Chef for IaC and reliable deployments

Anonymous | TrustRadius Reviewer
Score 8 out of 10
Vetted Review
Verified User

Overall Satisfaction with Chef

We use multiple Chef servers. We had 2 Chef servers hosted in our Business Unit, one for production and another for pre-production. We developed on that and maintained them too. Apart from these 2 we have organizational wide Chef servers which can be used by any BU and a central tools team maintains those servers. We are using Chef not only for IaC but also for deployment purposes.
  • Chef helps maintain all the servers of one logical group to be in the same state. This helps in maintaining a standard across all the servers.

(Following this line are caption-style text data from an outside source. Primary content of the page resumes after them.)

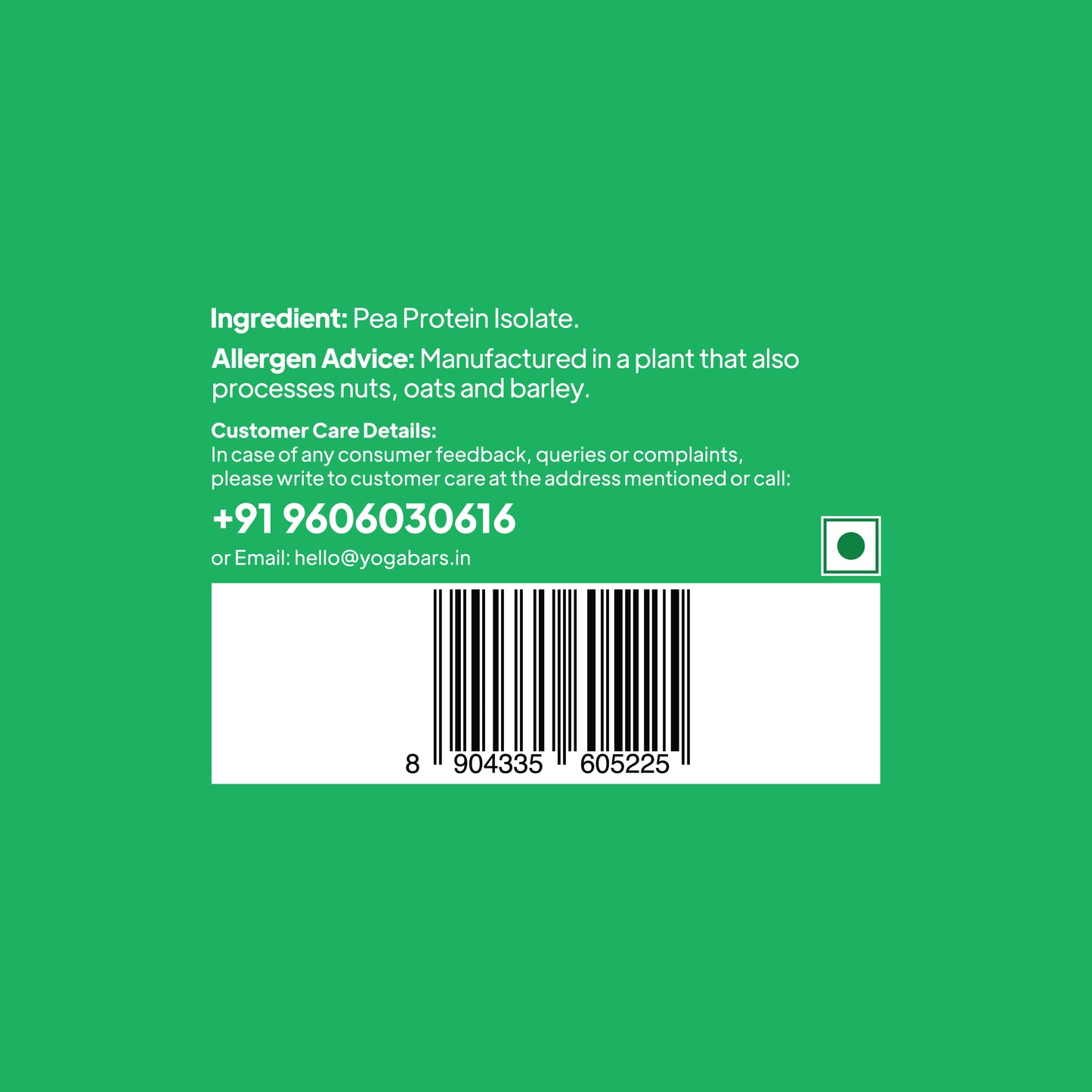 YogaBar ProClean Unflavoured Plant Protein ingredients panel listing pure pea protein isolate, allergen advice, and barcode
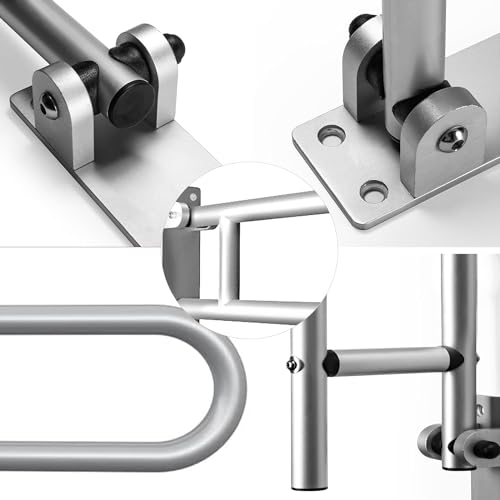 28 Inch Toilet Grab Bar Flip Up Aluminum Handicap Rails Grab Bars Load Capacity of 100 kg 220 lbs Toilet Rail Bathroom U Shaped and Wall Mount Safety for Pregnant Injured Patients 28 in Silver - color: Silver, size: 28 in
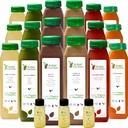 7 Day Protein Juice Cleanse by Raw Fountain, All Natural Raw Detox Cleanse, Cold Pressed Fruits, Vegetables, Vainilla y Chocolate Flavor, Tasty and Energizing, 42 Bottles 12oz, 3 Ginger Shots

  • Concepts in Chef like roles, environments and tags helps a lot in logical grouping and executing corresponding cookbooks on them to maintain the stability.

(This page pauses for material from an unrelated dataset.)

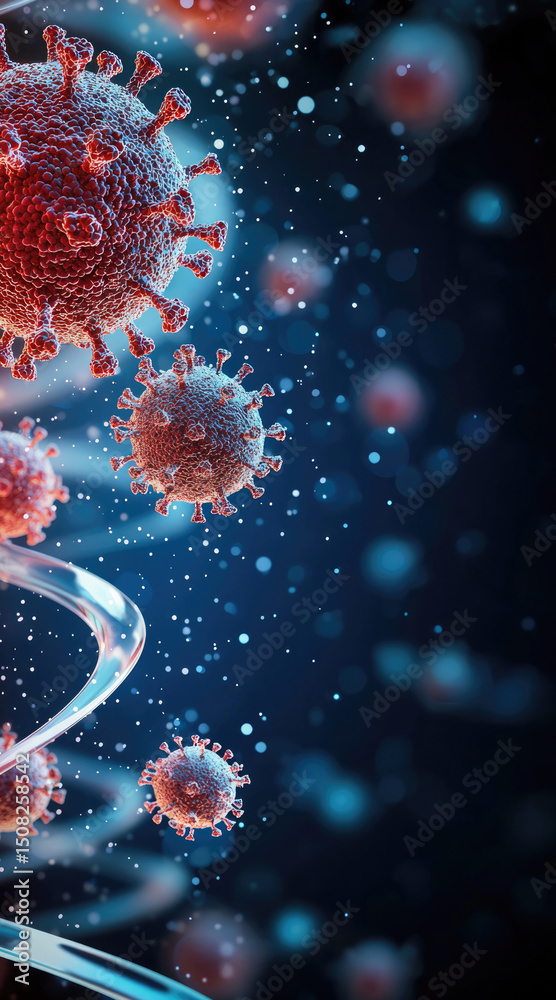 Aufkleber 3d rendering of coronavirus particles floating in blue background with dna strand, scientific and me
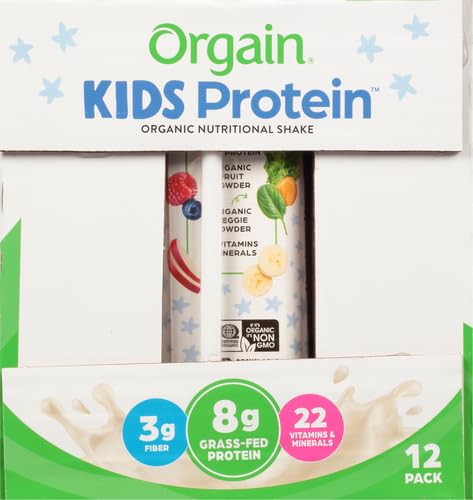 Orgain Organic Kids Nutritional Protein Shake, 8g Dairy 3g Fiber, 22 Vitamins 8.25 Fl 12)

  • We use Chef not only for infrastructure as code but also for reliable deployments.
  • One main concern with Chef is the maintainability of Chef master.
  • The Chef-client should be installed on every node we want to do any automation.

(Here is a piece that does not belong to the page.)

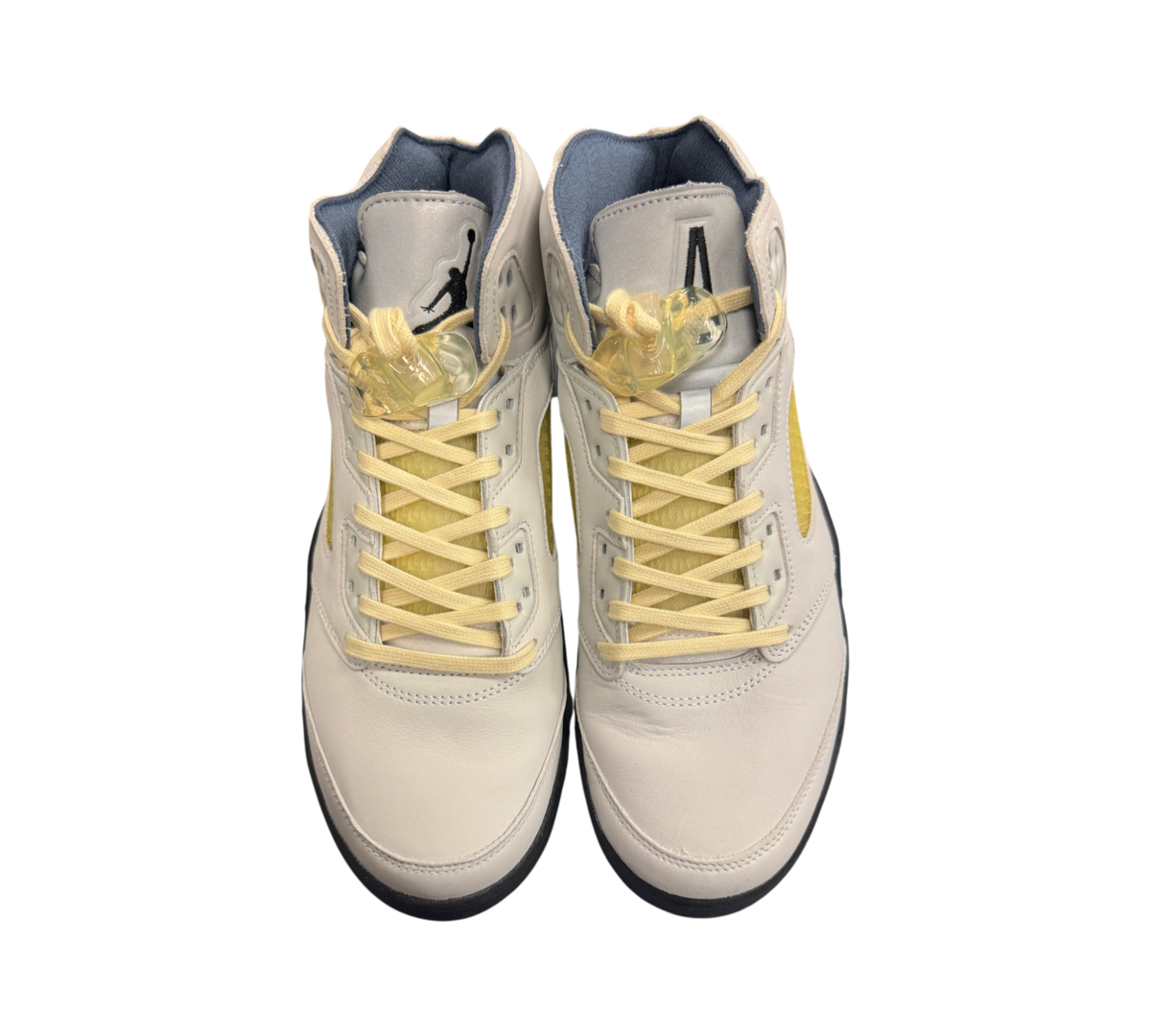 Genesis Boutique Jordan 5 A Ma Maniere Dawn sneakers in light grey leather with yellow laces and translucent toggles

  • It is mostly Ruby and there's a learning curve. Need to understand the fundamentals of Chef very throughly to play around with attributes, templates etc etc.
  • The Chef-client agent needs to be run on the nodes frequently to update the details of it state to master. And also to index the nodes based on tags.
  • Chef is a good tool for baselining servers. It will be a good ROI when there are huge number of servers. For less number of servers maintaining a master will be an over head.
  • One good ROI will be that the Operations Team also gets into agile and DevOps methodologies. Operational teams can start writing scripts/automations to keep their infra more stable and their application stack more reliable.
  • Implementation of Chef eliminates the manual mode of doing things and everyone aligns to automation mind set. It helps in change of culture.
We were evaluating Ansible as it was agent less, SSH based, simple to use and is completely based on SSH protocol. As and when the servers count increase the performance might degrade. One main disadvantage with Ansible is it is more suitable for linux based systems where SSH is possible, but doesn't work that great for Windows systems natively. In the contrast, Chef works great when the servers are huge in number and is also OS neutral.
Chef is useful for maintaining the servers in a known stable state for in-house datacenters. It helps to achieve infrastructure as code and helps in deployments as well. It is suitable for when there are a huge number of servers and you have to bring up the entire application stack in a safe and reliable way. It also helps in baselining the servers with same packages and corresponding versions.